→ **Input data**:
::::::

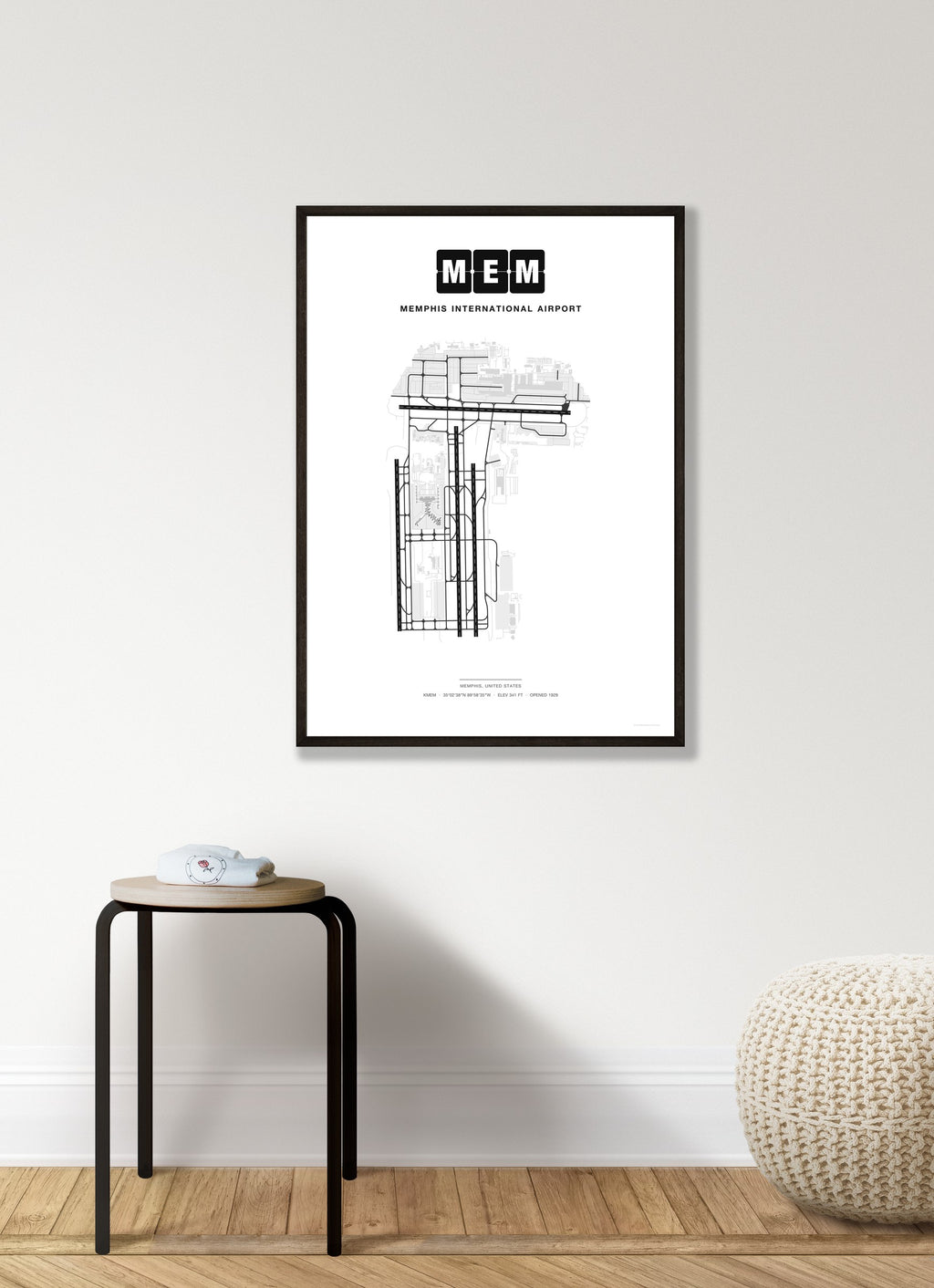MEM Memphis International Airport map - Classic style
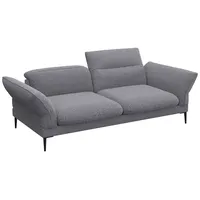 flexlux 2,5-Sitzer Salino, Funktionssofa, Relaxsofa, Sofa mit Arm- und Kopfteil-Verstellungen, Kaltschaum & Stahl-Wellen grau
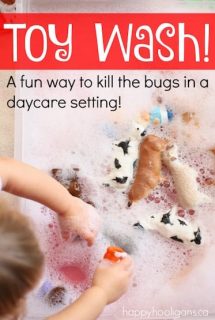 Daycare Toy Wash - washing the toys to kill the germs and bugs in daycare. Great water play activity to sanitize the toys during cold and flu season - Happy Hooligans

::::::

→ **What you will do**:
Copy the data exactly. Any picture it contains is to be omitted.

→ **Exercise response**:
MEM Memphis International Airport map - Classic style
 flexlux 2,5-Sitzer Salino, Funktionssofa, Relaxsofa, Sofa mit Arm- und Kopfteil-Verstellungen, Kaltschaum & Stahl-Wellen grau
 Daycare Toy Wash - washing the toys to kill the germs and bugs in daycare. Great water play activity to sanitize the toys during cold and flu season - Happy Hooligans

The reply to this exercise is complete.